The transmittance of the sensory retina in a single pass can be obtained by taking the square root of the subretinal Spectralon data in Fig. 9, which were acquired in double passes. Figure 10 represents the transmittance of the sensory retina averaged over all three locations based on the power-corrected Eq. 10. The spectrum overestimates the influence of both melanin and hemoglobin due to scattered light from the globe. Equation 11 was used to calibrate for this scattered light term. The super-retinal spectrum calibrates the transmission through the anterior chamber and the scattered light from the globe itself. The latter component contains a significant hemoglobin signature. By dividing Eq. 10 by Eq. 11, the scatter corrected in vivo transmittance of the sensory retina is obtained (Fig. 11 ),

Fig. 10

Single pass transmittance of the sensory retina, averaged over the three locations measured from the subretinal Spectralon. The illumination component from light scattered from the globe acquired a strong hemoglobin signature, which overestimated the amount of blood contained in the sensory transmittance.

Fig. 11

Single pass transmittance of the sensory retina, averaged over the three locations measured from the subretinal Spectralon data and corrected for the influence of scattered light using the super-retinal data.

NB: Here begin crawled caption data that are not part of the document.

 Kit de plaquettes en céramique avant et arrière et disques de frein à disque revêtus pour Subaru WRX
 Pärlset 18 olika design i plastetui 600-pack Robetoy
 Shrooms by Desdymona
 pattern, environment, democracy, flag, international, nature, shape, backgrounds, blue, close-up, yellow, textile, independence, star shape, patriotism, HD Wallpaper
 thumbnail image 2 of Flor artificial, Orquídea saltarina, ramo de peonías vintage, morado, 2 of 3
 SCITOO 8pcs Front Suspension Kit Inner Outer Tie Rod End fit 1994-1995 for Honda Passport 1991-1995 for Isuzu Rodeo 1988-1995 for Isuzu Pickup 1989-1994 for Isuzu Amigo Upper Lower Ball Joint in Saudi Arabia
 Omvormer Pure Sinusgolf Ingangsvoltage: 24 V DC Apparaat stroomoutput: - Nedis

Figure 12 displays the expected transmittance of the sensory retina, which is nearly flat across the visible spectrum with an absolute transmittance $>90\%$ for all wavelengths.

Fig. 12

The measurement area is illuminated by two mechanisms: (1) illumination proved directly from the fiber optic illuminator and (2) scattered light from the globe that behaves like an integrating sphere illuminator.